A foto é de 2006. O local é o Palácio do Planalto. Paulo Roberto Costa, o diretor preso da Petrobras, junto com José Sérgio Gabrielli, ex-presidente da Petrobras, faz reunião de trabalho com a Presidente do Conselho de Administração da Petrobras, Dilma Rousseff, e o então presidente Lula. Ali naquela mesa todos sabiam o que estava acontecendo e o que iria acontecer na Refinaria Abreu e Lima.
Aconteceu 11 anos
atrás, na tarde de segunda-feira, 28 de abril, no Recife, quando os então
presidentes Luiz Inácio Lula da Silva e Hugo Chávez anunciaram que a Petrobras
e a Petroleos de Venezuela S.A. (PDVSA) construiriam uma refinaria em
Pernambuco, ao custo de US$ 2,3 bilhões.
Lula escolhera o estado onde nasceu para lançar um empreendimento industrial simbólico do seu programa de crescimento econômico.

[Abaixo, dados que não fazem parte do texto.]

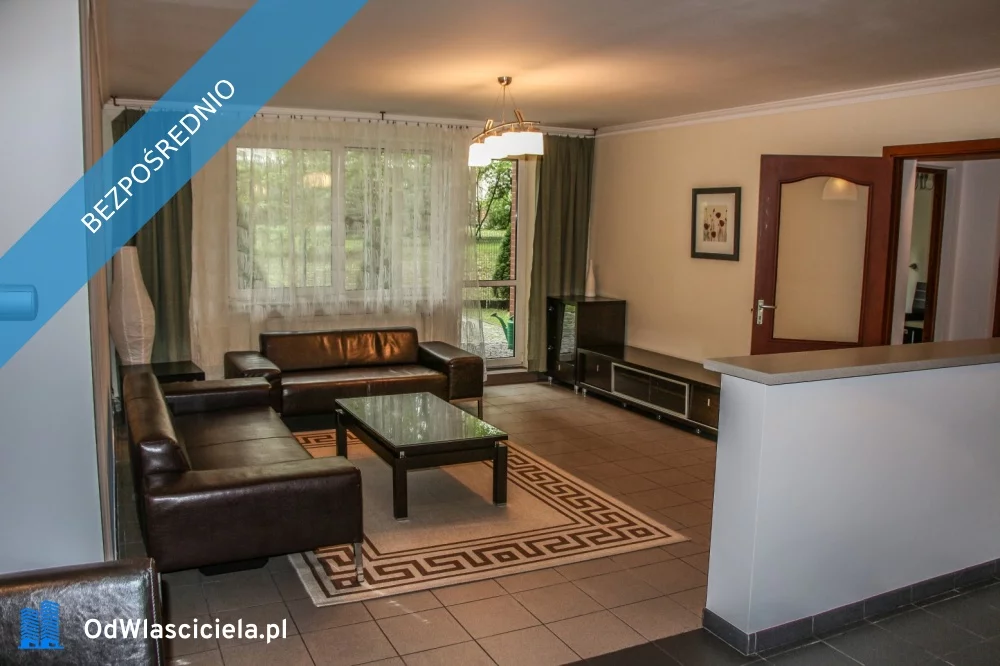 36433 - zdjęcie nr 4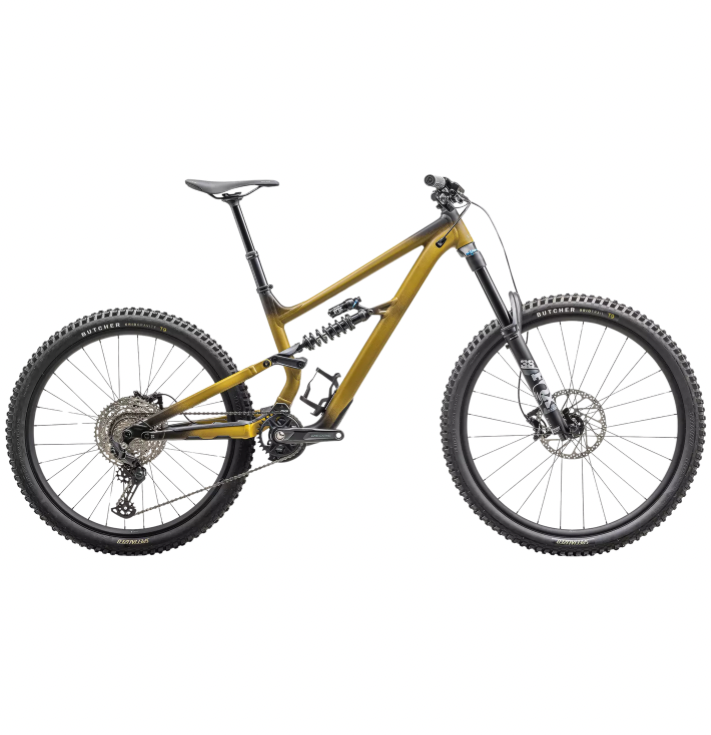 Specialized Status 2 170 2024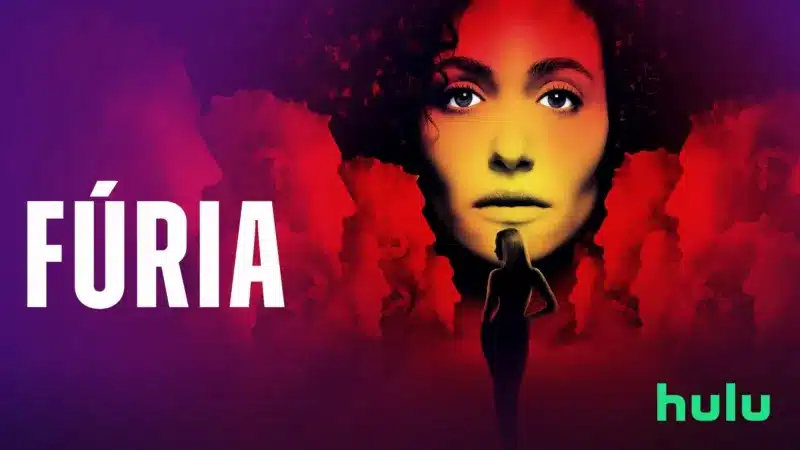 Furia-Disney-Plus-Hulu Lançamentos do Disney+ em Julho de 2026 | Lista completa e atualizada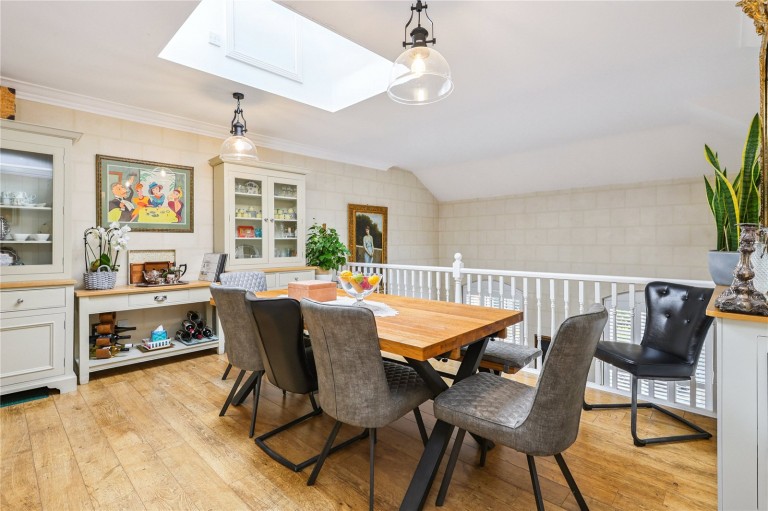 Images for Ellesmere Place, Walton-On-Thames, Surrey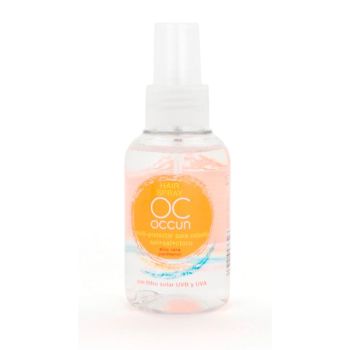 Hair Spray per Capelli Multiprotezione 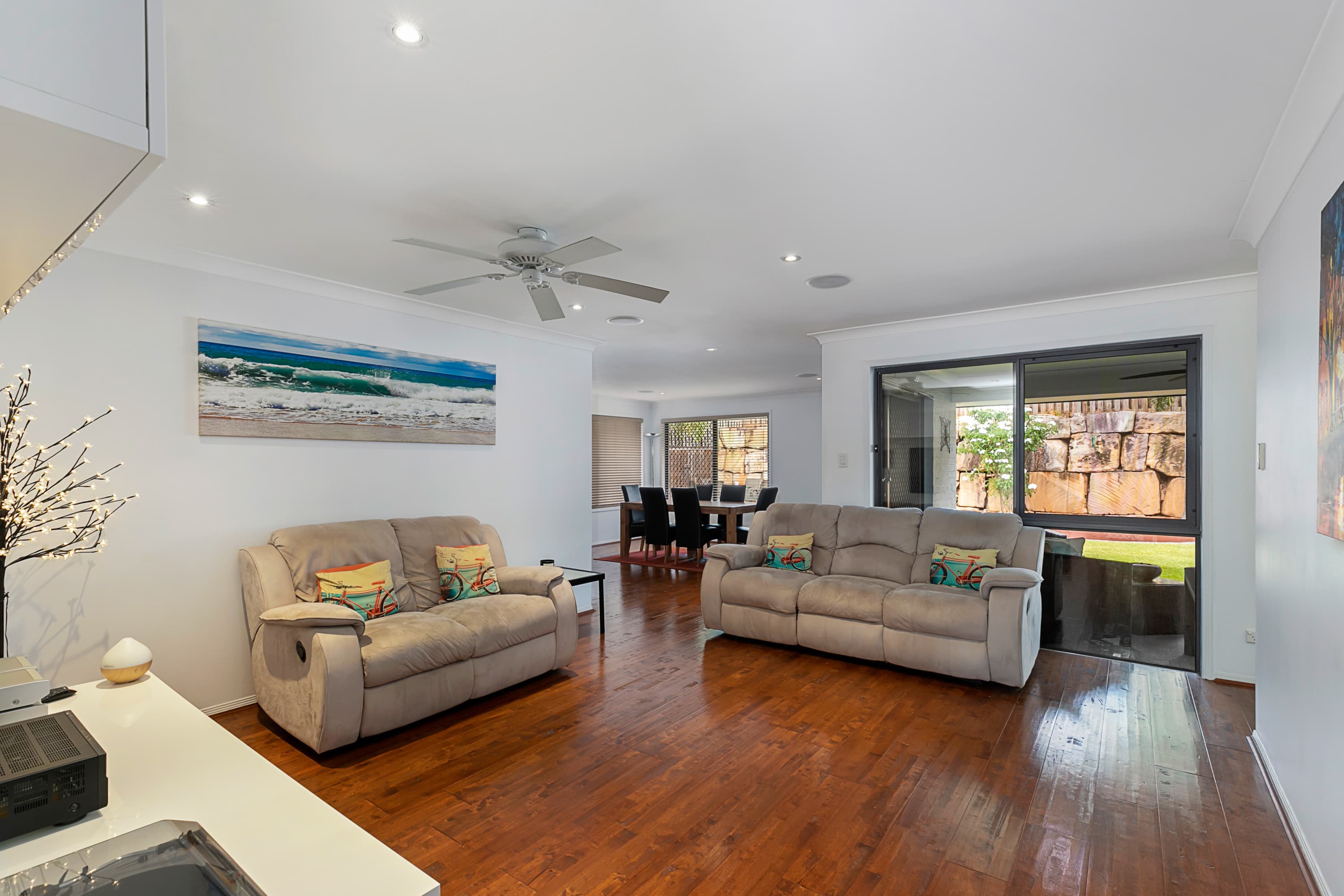 22 Lyndhurst Place, Thornlands, Thornlands - Thumbnail 4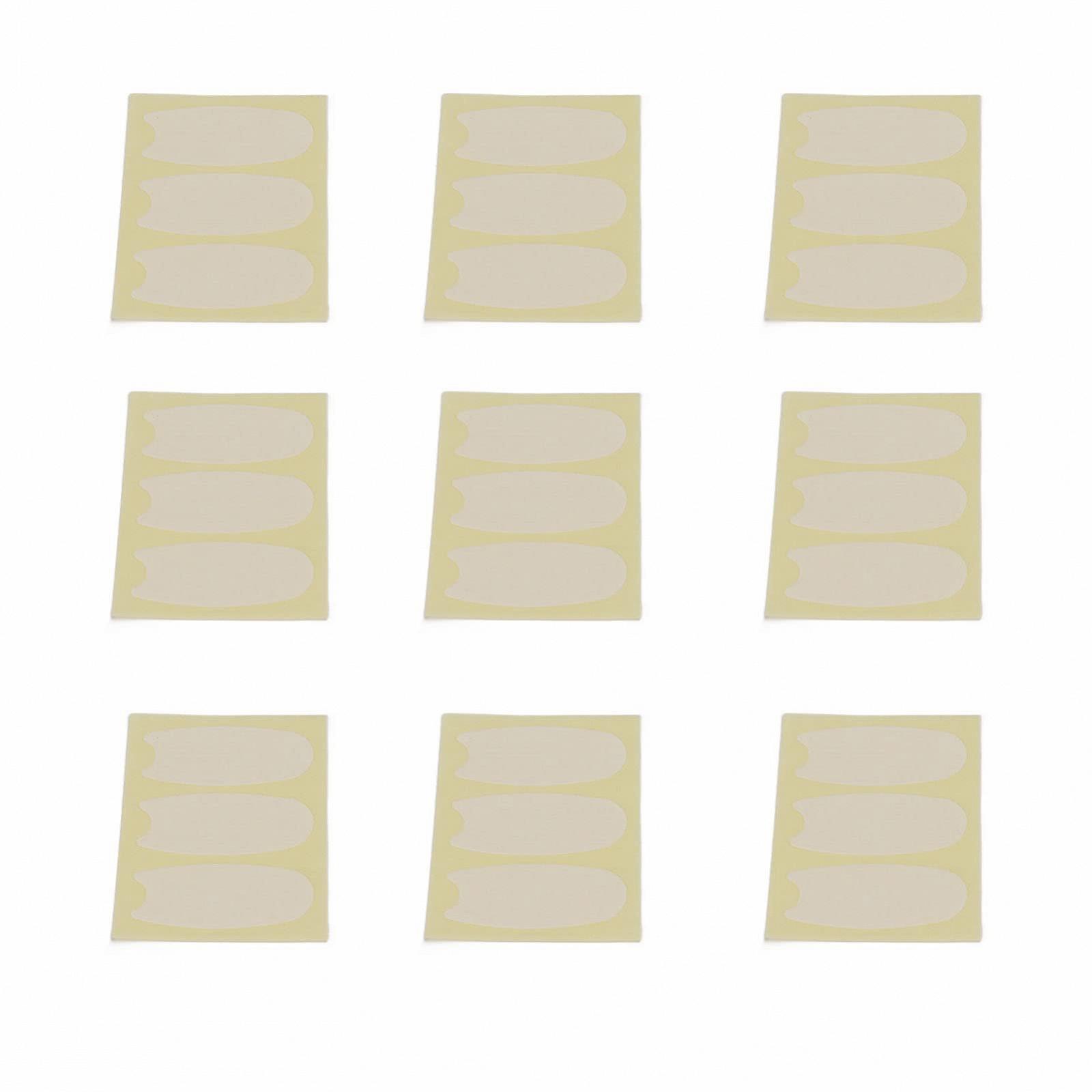 Смужки для сну (105 шт.) для рота, пристрій проти хропіння для кращого дихання носом, фото №6 Смужки для сну (105 шт.) для рота, пристрій проти хропіння для кращого дихання носом, фото №6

Elegera-se presidente cinco meses antes, com 57% dos votos locais. Seria reeleito três anos depois, com 78,4% dos votos pernambucanos. Chávez, ao seu lado, estava no segundo mandato, vencera um golpe de Estado e acabara de consolidar o poder sobre a companhia estatal de petróleo de seu país, provedora de dois terços dos dólares que circulam na economia venezuelana.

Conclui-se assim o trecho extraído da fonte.